What is being asked: Write out the data again exactly, skipping every picture.

Working data:

Content starts

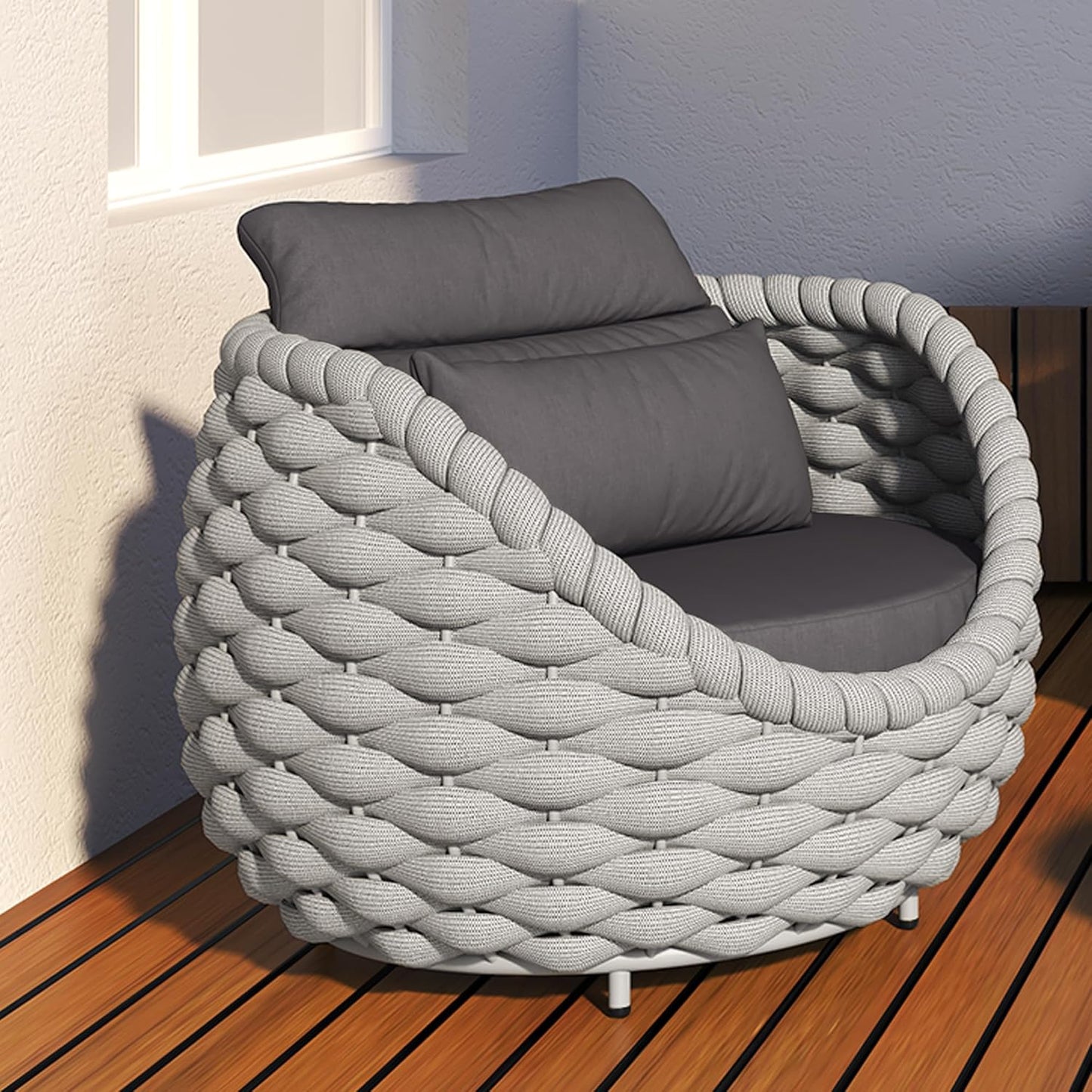 TWT 2 Pieces Patio Furniture Aluminum Armchair, All-Weather Outdoor Single Sofa, Metal Outdoor Chair with Dark Grey Cushions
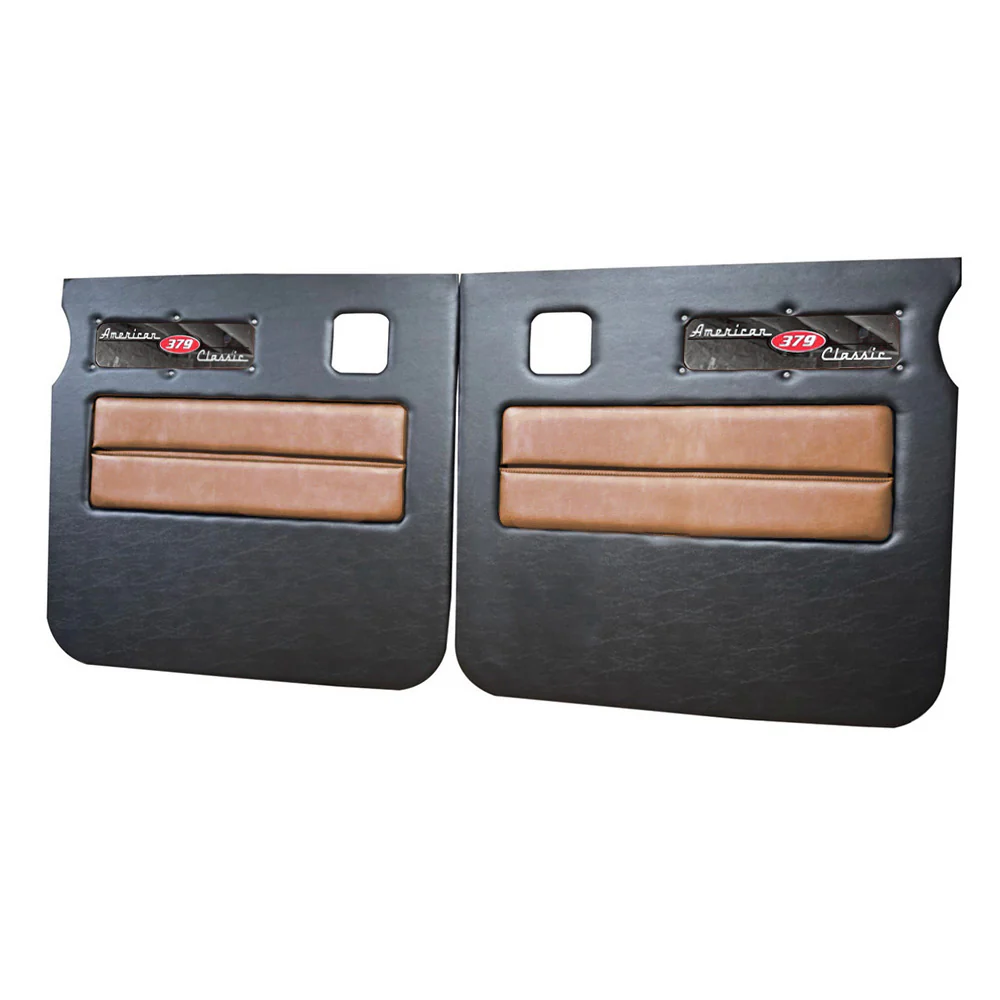 Peterbilt 379 American Classic Black Door Panel with Stainless Steel Logo - Image 5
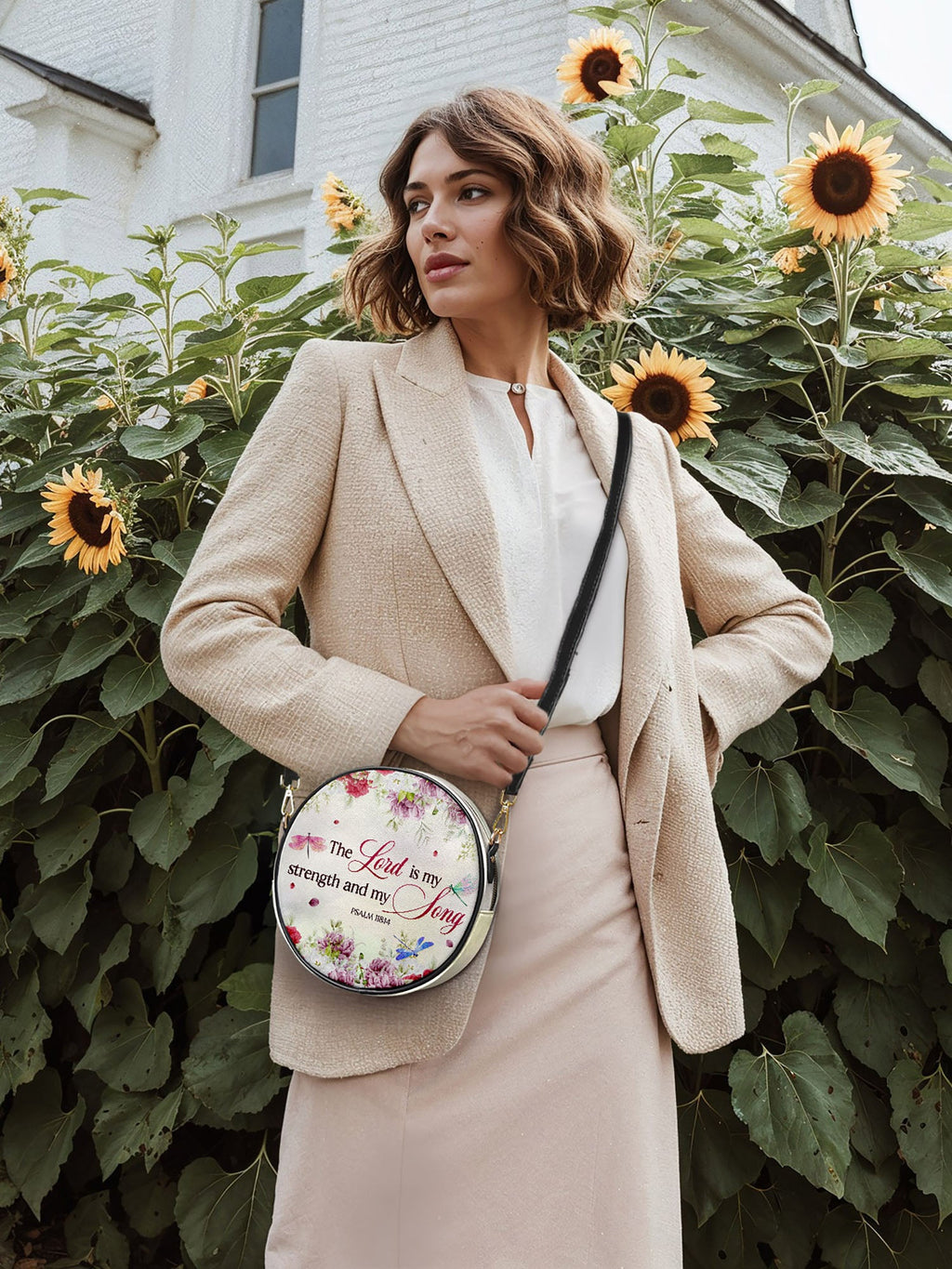 "Melody" - Psalm 118:14 Circle Crossbody Bag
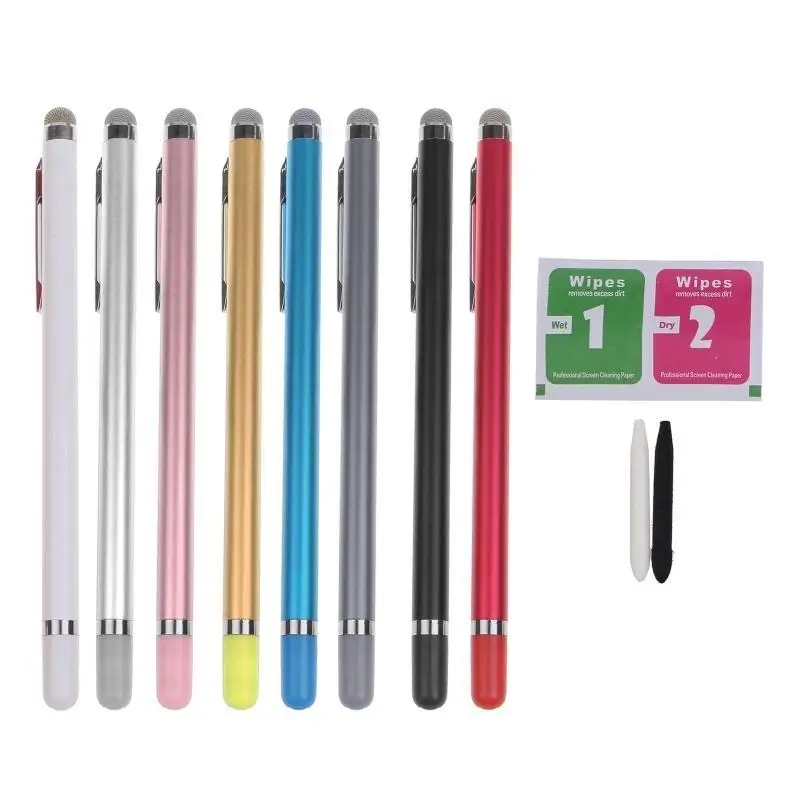 652F Universal Capacitive Pen Dual Heads for w Soft Nibs for Touch Screen Compatible Universal for Smartphones Tablets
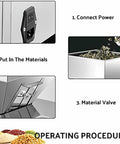 Game Changer Stainless Steel Automatic Powder Filling Machine For Seeds And Grains Compact Countertop Weighing Dispenser With Quiet Multi Point Vibration 50 Gram Capacity operating instructions diagram.
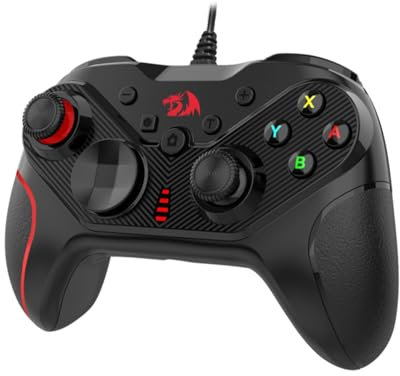 Redragon G710 Wired Gaming Controller - Dual Vibration Motors, Rapid Trigger, Ergonomic Design, 4 Programmable Keys, Customizable Macros, Adjustable Joystick Heights - Work for PC & Android & NS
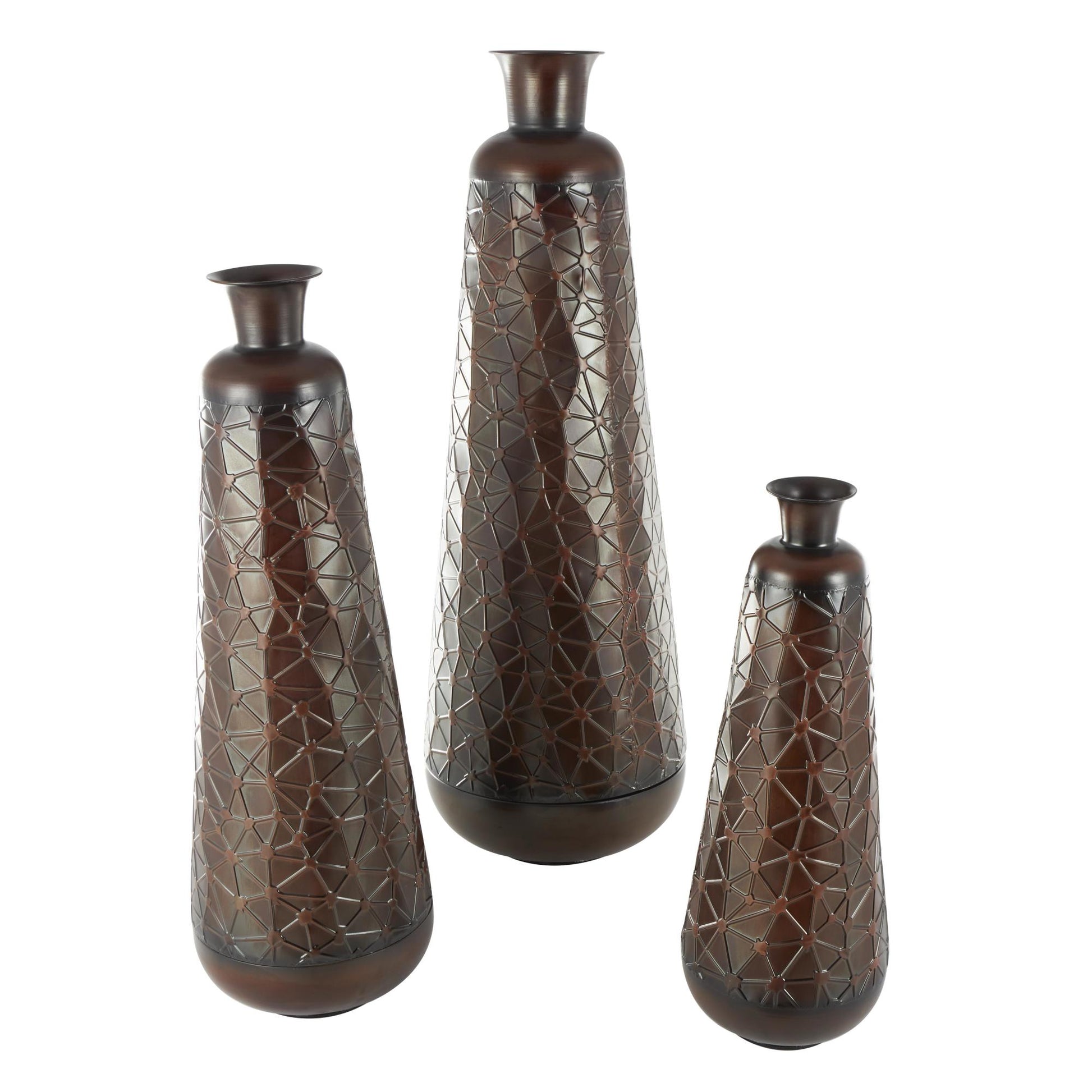Set of 3 Metal Tall Tapered Floor Decorative Vase with Brown Trumpet Tops Set of 3 18", 39", 28"H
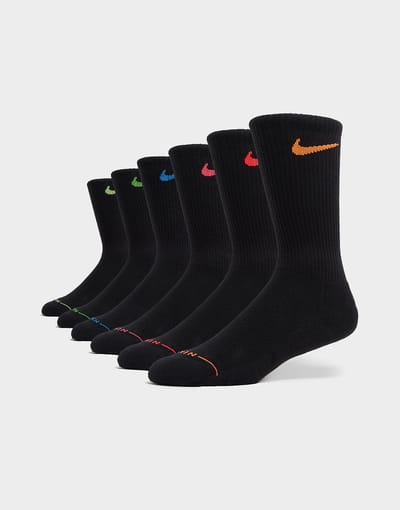 Nike 6-Pack Elevated Crew Socks - Zwart- Dames, Zwart 38 - 42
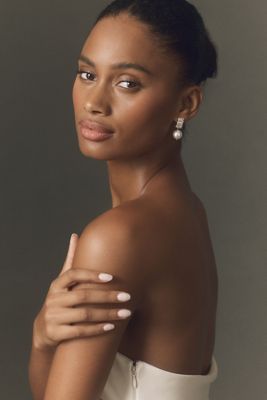 By Anthropologie Crystal Stack Pearl Drop Earrings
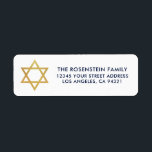 Etiqueta Bar Mitzvah and Bat Mitzvah Blue Gold Address<br><div class="desc">Bar Mitzvah and Bat Mitzvah Blue White Gold Address label</div>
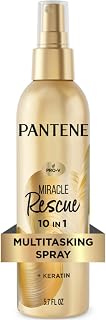 Pantene Miracle Rescue 10-in-1 Multitasking Spray, Heat Protection, 5.7 oz | Detangles, Repairs Damaged, Dry Hair, Improves Shine, Leave-In Conditioning Treatment with Keratin and Pro-Vitamin B5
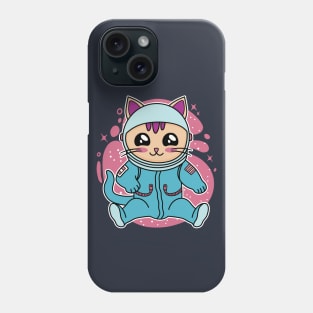 Astronaut Cat Kawaii Anime Kitten Wearing Space Suit Phone Case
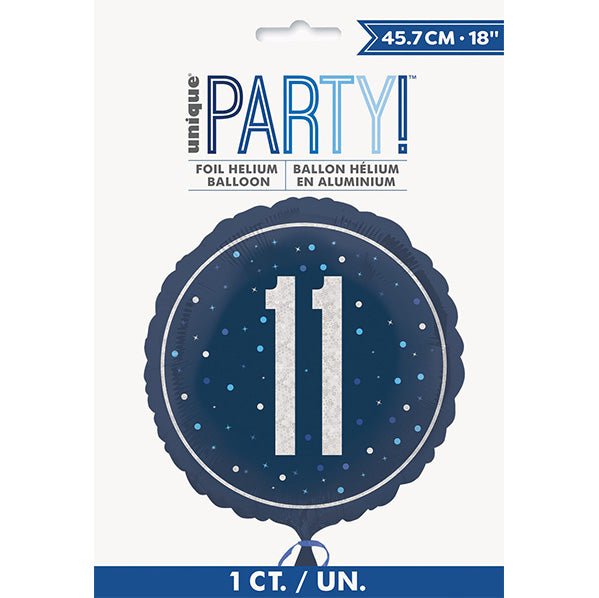 Glitz Blue "11" Foil Prismatic Balloon 45cm - The Party Marketplace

Content ends

Reply:
 TWT 2 Pieces Patio Furniture Aluminum Armchair, All-Weather Outdoor Single Sofa, Metal Outdoor Chair with Dark Grey Cushions
 Peterbilt 379 American Classic Black Door Panel with Stainless Steel Logo - Image 5
 "Melody" - Psalm 118:14 Circle Crossbody Bag
 652F Universal Capacitive Pen Dual Heads for w Soft Nibs for Touch Screen Compatible Universal for Smartphones Tablets
 Game Changer Stainless Steel Automatic Powder Filling Machine For Seeds And Grains Compact Countertop Weighing Dispenser With Quiet Multi Point Vibration 50 Gram Capacity operating instructions diagram.
 Redragon G710 Wired Gaming Controller - Dual Vibration Motors, Rapid Trigger, Ergonomic Design, 4 Programmable Keys, Customizable Macros, Adjustable Joystick Heights - Work for PC & Android & NS
Set of 3 Metal Tall Tapered Floor Decorative Vase with Brown Trumpet Tops Set of 3 18", 39", 28"H
 Nike 6-Pack Elevated Crew Socks - Zwart- Dames, Zwart 38 - 42
 By Anthropologie Crystal Stack Pearl Drop Earrings
 Etiqueta Bar Mitzvah and Bat Mitzvah Blue Gold Address<br><div class="desc">Bar Mitzvah and Bat Mitzvah Blue White Gold Address label</div>
 Pantene Miracle Rescue 10-in-1 Multitasking Spray, Heat Protection, 5.7 oz | Detangles, Repairs Damaged, Dry Hair, Improves Shine, Leave-In Conditioning Treatment with Keratin and Pro-Vitamin B5
 Astronaut Cat Kawaii Anime Kitten Wearing Space Suit Phone Case
 Glitz Blue "11" Foil Prismatic Balloon 45cm - The Party Marketplace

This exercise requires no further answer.